La comunità pastorale di Uggiate Trevano e Ronago è attualmente guidata da Don Sandro Vanoli, una figura centrale nella vita spirituale e pastorale del territorio.

Biografia di Don Sandro Vanoli

Ritratto del Parroco Don Sandro Vanoli

Don Sandro Vanoli è nato a Stazzona, in provincia di Como, il 5 marzo del 1963. Ha frequentato le scuole superiori a Colico, dove ha conseguito la qualifica di “congegnatore meccanico”. Il suo percorso verso il sacerdozio è iniziato con l'ordinazione a Diacono l’8 dicembre 1987, seguita dall'ordinazione Sacerdotale l’11 giugno 1988, avvenuta per l’imposizione delle mani di Mons.

Nel corso del suo ministero, è stato nominato vicario della parrocchia dei SS. Dal 1997 al 2003, ha ricoperto il ruolo di vicario presso la parrocchia S. Successivamente, è diventato parroco delle parrocchie di S. Giorgio e S. Dal 2008 al 2020, ha servito come Arciprete della parrocchia S. Attualmente, svolge il suo ministero come parroco a Uggiate Trevano e Ronago.

La Guida Pastorale e i Collaboratori

Oltre al parroco, la comunità di Uggiate Trevano e Ronago può contare sull'aiuto di altri sacerdoti. Tra questi, abbiamo Don Antonio Panariello e Don Gianluigi Vercellini, preti ritirati dal ministero che, tuttavia, continuano a offrire un prezioso aiuto alla comunità.

Per chi desidera approfondire la storia dei pastori che hanno guidato la comunità, è possibile scoprire la cronotassi dei parroci che si sono succeduti alla guida della nostra comunità cristiana e consultare la sezione dedicata al ricordo di mons., per una visione completa del percorso spirituale e pastorale della parrocchia.
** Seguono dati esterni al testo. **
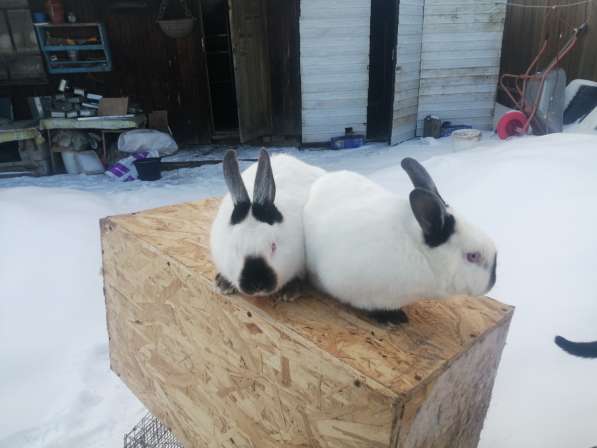 Продам кроликов калифорния 350 руб/месяц жизни в Москве фото 3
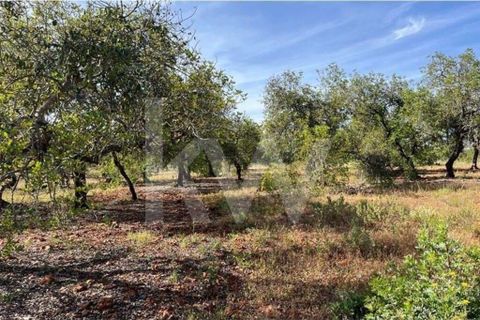 Helårsgrund i Paderne, Faro, Paderne - € 45.000 | Ref: 1210-3188 - foto 2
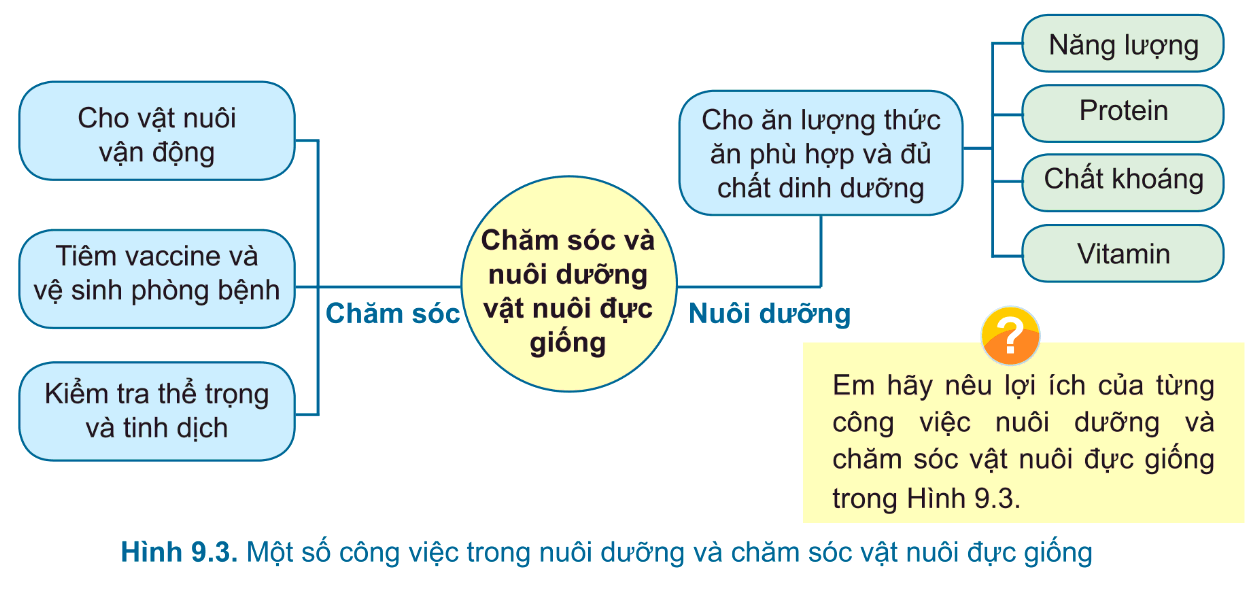 [Sách mới] Lý thuyết Công nghệ 7 Bài 9 CTST: Một số phương thức chăn nuôi ở Việt Nam
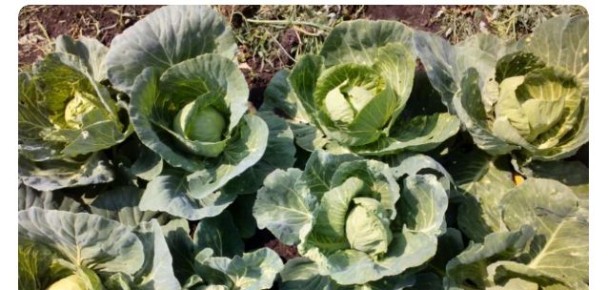 Капуста для гурманов: лучшие сорта и их особенности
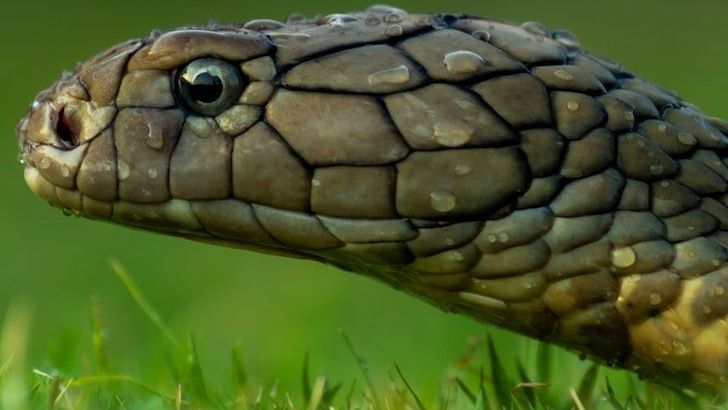The World's Most Venomous Snakes, Ranked from Deadliest to Least Dangerous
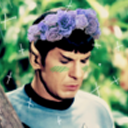 thesadchicken avatar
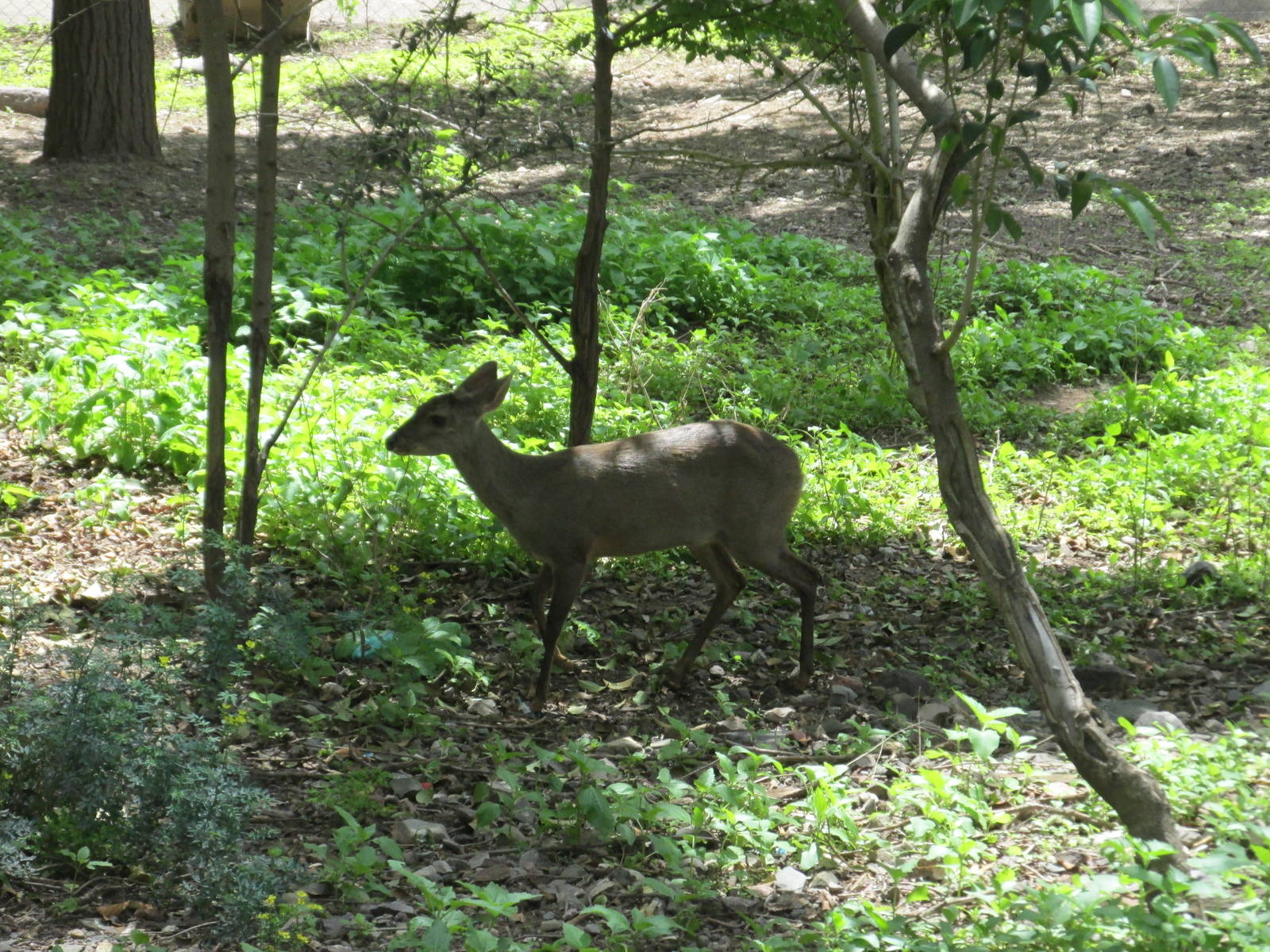grey brocket mendoza zoo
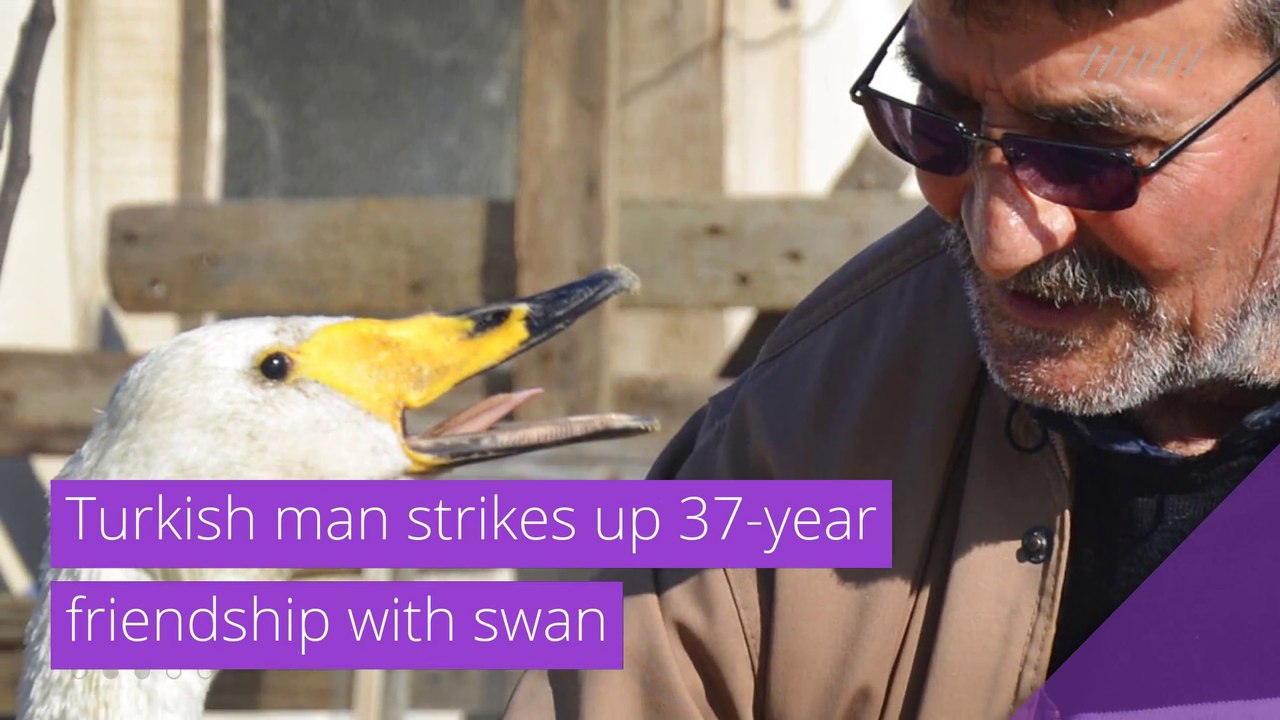 Turkish man strikes up 37-year friendship with swan, and other top stories in strange news from February 10, 2021.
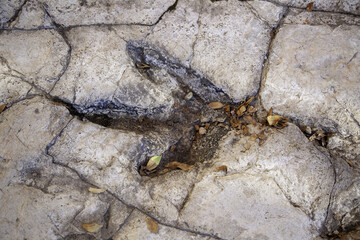 Dinosaur footprint on the stone
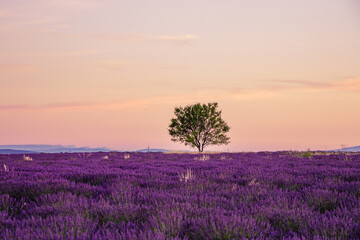 Lonely tree and lavender field at sunset in Provence, France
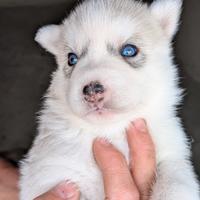 Cuccioli di siberian husky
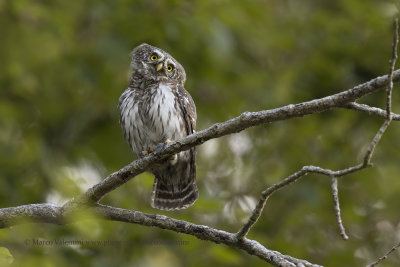 Eurasian Pygmy-Owl - Glaucidium passerinum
Il Messaggio Quaresimale di Don Sandro Vanoli: Un "Digiuno dai Network"

Un Appello Innovativo per la Quaresima

In un messaggio ai fedeli, diffuso tramite il notiziario della comunità pastorale di Uggiate Trevano, il parroco Don Sandro Vanoli ha lanciato un appello innovativo per la Quaresima. Il suo messaggio, testualmente, è stato: "Il miglior digiuno della Quaresima? Meno tv, meno playstation, meno game-boy". Questo invito mira a reinterpretare il concetto tradizionale di digiuno.

Rispetto al più comune invito all'astensione dal cibo, il sacerdote ha scritto: "Ma più che astenerci dal cibo, asteniamoci dalla tv e dai nuovi network". Don Sandro Vanoli ha argomentato che le regole astratte non hanno senso, ma "Occorre invece calarle nel tempo in cui si vive". Per questo, ha proposto di anteporre il digiuno televisivo a quello corporale.

L'Impatto Invasivo della Tecnologia

Il parroco ha sottolineato che, nella società contemporanea, "mangiare di meno o di magro oggi è forse l'ultimo dei problemi". Al contrario, ha evidenziato come la televisione sia "così invasiva da nuocere sia alla mente che allo spirito". Ha osservato che la gente è "talmente abituata a farsi ipnotizzare dal teleschermo, da passare ore e ore rimbambendo davanti a scene e chiacchiere di trasmissioni". Ha aggiunto che, spesso, "le immagini passano distrattamente davanti agli occhi e non ci si concentra su un programma scelto di proposito".

Una Regola per un Maggiore Dialogo in Famiglia

La conclusione di Don Sandro Vanoli è stata diretta: "La mortificazione televisiva, innanzitutto". L'obiettivo è "imporci una regola, valida anche dopo i quaranta giorni di 'penitenza'". Questo permetterebbe di dedicarsi a "letture, anche religiose, conversare distesamente con i nostri cari; andare a trovare gli ammalati".

In sintesi, la proposta per la Quaresima è di scegliere un giorno in cui tutta la famiglia si impone di digiunare insieme da tutti i network per favorire "un maggiore dialogo in famiglia, soprattutto durante il pasto serale". Il messaggio si conclude con un'ironica riflessione: "Come penitenza quaresimale, per un maggiore dialogo in famiglia, oggi niente tv e internet. Stasera facciamo quattro chiacchiere in famiglia. Urrà! Su che canale?".